TRY IT:
Transcribe, word for word and without additions, each line below from the one containing "Avec Balcon Sud, 4" through the one containing "紅衣白雪女生頭像，唯美古風(fēng)真人頭像", both ends included.

Saved data entries:
- - - - -

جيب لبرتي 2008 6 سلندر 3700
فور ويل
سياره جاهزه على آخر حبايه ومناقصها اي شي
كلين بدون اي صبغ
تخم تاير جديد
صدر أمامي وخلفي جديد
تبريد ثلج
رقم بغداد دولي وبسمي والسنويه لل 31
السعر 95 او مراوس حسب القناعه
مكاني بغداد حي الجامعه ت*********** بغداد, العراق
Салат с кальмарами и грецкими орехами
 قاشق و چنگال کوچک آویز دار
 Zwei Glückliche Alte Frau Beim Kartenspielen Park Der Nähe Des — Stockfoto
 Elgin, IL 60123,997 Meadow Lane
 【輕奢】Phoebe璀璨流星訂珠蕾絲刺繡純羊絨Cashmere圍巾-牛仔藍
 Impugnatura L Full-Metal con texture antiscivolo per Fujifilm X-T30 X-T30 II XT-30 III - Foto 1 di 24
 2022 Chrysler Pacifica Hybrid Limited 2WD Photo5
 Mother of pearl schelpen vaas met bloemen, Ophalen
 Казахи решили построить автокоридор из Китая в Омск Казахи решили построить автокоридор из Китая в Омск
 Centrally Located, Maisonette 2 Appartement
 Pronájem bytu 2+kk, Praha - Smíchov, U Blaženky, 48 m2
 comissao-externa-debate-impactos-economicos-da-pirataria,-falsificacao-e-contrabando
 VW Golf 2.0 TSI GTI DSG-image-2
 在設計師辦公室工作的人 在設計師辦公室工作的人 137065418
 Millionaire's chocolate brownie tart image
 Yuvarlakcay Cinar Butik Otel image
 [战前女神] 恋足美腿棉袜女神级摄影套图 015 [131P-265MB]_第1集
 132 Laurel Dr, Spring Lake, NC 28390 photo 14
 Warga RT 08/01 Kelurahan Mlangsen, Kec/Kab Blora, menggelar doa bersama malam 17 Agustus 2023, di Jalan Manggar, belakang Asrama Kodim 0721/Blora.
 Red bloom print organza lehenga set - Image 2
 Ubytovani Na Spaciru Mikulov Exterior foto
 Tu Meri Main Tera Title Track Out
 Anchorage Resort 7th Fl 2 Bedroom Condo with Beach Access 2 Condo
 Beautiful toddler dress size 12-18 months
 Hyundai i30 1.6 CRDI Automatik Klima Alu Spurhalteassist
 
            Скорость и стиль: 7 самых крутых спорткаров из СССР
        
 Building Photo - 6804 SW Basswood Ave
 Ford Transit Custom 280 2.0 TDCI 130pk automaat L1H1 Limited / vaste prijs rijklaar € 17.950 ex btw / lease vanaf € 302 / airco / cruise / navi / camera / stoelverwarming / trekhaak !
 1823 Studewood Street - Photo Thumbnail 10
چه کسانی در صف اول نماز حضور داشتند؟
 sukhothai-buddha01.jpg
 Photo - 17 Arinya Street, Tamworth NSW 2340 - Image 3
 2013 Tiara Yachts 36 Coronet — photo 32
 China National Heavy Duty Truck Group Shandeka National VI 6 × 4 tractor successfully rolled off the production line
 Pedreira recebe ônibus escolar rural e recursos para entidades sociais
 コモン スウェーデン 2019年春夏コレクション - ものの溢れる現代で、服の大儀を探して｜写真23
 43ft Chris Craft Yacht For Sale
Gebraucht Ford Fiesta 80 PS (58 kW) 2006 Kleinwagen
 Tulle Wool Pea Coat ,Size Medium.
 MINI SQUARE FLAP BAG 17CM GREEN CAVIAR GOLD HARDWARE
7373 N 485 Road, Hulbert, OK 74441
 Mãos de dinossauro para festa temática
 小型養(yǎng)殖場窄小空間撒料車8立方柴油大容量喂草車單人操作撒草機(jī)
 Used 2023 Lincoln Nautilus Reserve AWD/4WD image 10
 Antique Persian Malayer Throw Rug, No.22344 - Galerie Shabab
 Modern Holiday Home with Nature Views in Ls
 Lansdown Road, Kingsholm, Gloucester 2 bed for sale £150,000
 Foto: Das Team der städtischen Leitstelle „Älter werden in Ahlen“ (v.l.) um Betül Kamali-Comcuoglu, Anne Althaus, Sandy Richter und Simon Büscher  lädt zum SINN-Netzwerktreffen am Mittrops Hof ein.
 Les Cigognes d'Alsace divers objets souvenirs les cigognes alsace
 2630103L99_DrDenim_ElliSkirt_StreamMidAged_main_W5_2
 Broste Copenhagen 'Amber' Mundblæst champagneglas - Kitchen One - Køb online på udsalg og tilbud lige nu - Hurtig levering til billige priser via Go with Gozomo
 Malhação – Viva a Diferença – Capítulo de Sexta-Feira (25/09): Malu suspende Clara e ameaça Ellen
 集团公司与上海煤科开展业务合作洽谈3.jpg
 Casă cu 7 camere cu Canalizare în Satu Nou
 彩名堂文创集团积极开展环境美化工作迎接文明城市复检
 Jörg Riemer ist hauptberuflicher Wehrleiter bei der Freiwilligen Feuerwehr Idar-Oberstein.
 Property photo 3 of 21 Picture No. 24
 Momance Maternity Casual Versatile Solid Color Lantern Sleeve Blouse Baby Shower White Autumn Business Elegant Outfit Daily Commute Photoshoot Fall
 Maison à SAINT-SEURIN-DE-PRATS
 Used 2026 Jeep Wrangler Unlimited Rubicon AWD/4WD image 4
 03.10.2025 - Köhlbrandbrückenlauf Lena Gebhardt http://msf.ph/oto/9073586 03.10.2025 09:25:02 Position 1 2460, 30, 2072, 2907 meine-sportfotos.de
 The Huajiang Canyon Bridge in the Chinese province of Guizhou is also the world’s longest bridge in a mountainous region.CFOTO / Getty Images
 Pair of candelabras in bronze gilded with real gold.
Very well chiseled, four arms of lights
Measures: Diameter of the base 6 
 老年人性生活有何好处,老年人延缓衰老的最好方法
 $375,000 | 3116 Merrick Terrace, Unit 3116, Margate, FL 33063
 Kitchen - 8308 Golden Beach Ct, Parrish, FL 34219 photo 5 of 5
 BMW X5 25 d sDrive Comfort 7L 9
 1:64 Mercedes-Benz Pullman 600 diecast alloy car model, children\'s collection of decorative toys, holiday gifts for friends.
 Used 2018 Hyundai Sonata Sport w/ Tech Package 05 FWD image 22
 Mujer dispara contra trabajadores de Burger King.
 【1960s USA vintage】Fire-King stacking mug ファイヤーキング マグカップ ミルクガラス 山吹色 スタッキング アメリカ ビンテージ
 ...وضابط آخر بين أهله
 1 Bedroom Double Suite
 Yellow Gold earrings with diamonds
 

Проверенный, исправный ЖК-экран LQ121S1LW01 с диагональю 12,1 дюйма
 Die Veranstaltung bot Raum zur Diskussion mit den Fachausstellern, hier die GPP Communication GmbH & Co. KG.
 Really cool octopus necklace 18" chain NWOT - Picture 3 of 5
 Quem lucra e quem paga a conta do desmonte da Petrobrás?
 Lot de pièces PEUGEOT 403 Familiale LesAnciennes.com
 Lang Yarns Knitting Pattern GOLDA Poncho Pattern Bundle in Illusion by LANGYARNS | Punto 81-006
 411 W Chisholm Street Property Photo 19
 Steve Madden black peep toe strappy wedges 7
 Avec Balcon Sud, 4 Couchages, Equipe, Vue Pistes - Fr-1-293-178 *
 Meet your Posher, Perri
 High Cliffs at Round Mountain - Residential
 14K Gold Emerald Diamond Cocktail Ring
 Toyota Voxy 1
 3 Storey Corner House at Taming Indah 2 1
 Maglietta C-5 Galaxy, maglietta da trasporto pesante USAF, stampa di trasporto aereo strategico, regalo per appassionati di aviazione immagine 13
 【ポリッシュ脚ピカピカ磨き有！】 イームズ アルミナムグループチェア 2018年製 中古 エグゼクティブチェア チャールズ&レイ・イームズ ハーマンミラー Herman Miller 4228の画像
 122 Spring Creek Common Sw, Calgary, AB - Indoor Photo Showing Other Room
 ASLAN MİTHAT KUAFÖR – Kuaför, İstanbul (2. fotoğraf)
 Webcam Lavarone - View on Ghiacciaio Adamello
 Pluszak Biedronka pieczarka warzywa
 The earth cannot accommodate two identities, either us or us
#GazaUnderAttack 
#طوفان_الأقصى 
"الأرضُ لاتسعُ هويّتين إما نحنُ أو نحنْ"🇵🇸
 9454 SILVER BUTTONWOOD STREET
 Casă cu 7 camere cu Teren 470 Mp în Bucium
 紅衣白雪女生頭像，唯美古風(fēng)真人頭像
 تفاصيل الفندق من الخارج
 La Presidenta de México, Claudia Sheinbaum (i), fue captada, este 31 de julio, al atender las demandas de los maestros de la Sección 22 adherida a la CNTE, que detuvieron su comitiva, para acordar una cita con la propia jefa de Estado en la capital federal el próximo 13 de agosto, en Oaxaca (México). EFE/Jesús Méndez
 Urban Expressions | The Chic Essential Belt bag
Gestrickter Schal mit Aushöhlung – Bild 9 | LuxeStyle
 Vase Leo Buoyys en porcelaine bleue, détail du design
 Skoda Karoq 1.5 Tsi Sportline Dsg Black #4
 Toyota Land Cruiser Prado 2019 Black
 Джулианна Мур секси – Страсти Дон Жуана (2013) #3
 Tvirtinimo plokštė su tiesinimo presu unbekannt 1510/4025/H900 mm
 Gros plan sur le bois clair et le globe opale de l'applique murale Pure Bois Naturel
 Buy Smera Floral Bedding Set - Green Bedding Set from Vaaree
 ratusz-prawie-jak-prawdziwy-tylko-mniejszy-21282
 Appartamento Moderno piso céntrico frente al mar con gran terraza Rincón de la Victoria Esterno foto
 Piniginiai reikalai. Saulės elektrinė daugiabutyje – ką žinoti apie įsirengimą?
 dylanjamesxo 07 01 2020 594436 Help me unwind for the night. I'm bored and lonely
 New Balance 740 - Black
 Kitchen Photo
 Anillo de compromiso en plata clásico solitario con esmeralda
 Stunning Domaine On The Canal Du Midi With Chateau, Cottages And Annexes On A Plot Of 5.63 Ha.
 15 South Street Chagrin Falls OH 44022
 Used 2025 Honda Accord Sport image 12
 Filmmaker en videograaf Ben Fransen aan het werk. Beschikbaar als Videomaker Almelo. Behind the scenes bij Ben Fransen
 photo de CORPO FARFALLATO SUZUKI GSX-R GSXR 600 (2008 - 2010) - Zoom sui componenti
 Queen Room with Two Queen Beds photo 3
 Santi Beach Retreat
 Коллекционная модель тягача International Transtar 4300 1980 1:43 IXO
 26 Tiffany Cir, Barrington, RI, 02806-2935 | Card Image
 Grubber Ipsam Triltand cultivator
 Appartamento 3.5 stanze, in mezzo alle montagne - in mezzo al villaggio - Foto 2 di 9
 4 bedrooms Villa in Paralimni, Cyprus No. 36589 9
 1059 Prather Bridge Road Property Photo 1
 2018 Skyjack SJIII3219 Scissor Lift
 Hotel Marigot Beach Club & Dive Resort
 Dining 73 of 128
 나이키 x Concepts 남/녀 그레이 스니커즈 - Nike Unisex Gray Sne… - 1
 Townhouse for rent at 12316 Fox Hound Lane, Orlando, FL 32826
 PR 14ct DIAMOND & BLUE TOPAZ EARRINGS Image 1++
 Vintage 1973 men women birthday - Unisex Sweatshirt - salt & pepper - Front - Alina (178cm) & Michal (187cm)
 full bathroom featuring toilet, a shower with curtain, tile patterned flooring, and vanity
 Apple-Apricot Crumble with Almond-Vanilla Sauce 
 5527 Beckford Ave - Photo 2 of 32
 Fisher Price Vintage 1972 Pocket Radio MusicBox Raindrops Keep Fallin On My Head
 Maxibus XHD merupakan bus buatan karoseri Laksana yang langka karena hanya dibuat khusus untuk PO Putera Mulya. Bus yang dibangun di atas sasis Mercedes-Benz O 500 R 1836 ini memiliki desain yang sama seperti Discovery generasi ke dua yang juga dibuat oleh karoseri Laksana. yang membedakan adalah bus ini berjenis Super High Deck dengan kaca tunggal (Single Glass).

- - - - -

RESPONSE TO THE TASK:
 Avec Balcon Sud, 4 Couchages, Equipe, Vue Pistes - Fr-1-293-178 *
 Meet your Posher, Perri
 High Cliffs at Round Mountain - Residential
 14K Gold Emerald Diamond Cocktail Ring
 Toyota Voxy 1
 3 Storey Corner House at Taming Indah 2 1
 Maglietta C-5 Galaxy, maglietta da trasporto pesante USAF, stampa di trasporto aereo strategico, regalo per appassionati di aviazione immagine 13
 【ポリッシュ脚ピカピカ磨き有！】 イームズ アルミナムグループチェア 2018年製 中古 エグゼクティブチェア チャールズ&レイ・イームズ ハーマンミラー Herman Miller 4228の画像
 122 Spring Creek Common Sw, Calgary, AB - Indoor Photo Showing Other Room
 ASLAN MİTHAT KUAFÖR – Kuaför, İstanbul (2. fotoğraf)
 Webcam Lavarone - View on Ghiacciaio Adamello
 Pluszak Biedronka pieczarka warzywa
 The earth cannot accommodate two identities, either us or us
#GazaUnderAttack 
#طوفان_الأقصى 
"الأرضُ لاتسعُ هويّتين إما نحنُ أو نحنْ"🇵🇸
 9454 SILVER BUTTONWOOD STREET
 Casă cu 7 camere cu Teren 470 Mp în Bucium
 紅衣白雪女生頭像，唯美古風(fēng)真人頭像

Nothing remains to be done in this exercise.